> **Given material**:
━━━━━━━━━━━━━━━━━━━━━━━━━━━━━━
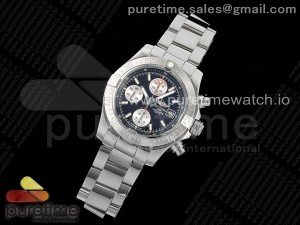 Avenger II 43mm Chrono SS EF 1:1 Best Edition Black/Silver Dial Stick Markers on SS Bracelet A7750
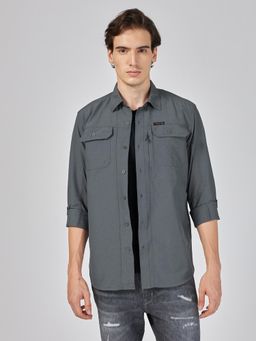 Wrangler - Men Grey Regular Fit Solid Shirt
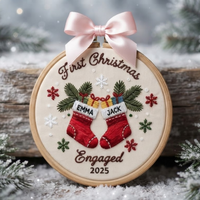 First Christmas Engaged Ornament, Personalized Engagement Gift, Custom Holiday Decor Keepsake, Engaged Christmas Hoop Ornament,Marriage Hoop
━━━━━━━━━━━━━━━━━━━━━━━━━━━━━━
> **Activity**: Without any pictures, write out the lines running from the one containing "Wrangler - Men Grey Regular Fit Solid Shirt" through the end of the listing above, both included, exactly as given.

> **Result of this exercise**:
 Wrangler - Men Grey Regular Fit Solid Shirt
 First Christmas Engaged Ornament, Personalized Engagement Gift, Custom Holiday Decor Keepsake, Engaged Christmas Hoop Ornament,Marriage Hoop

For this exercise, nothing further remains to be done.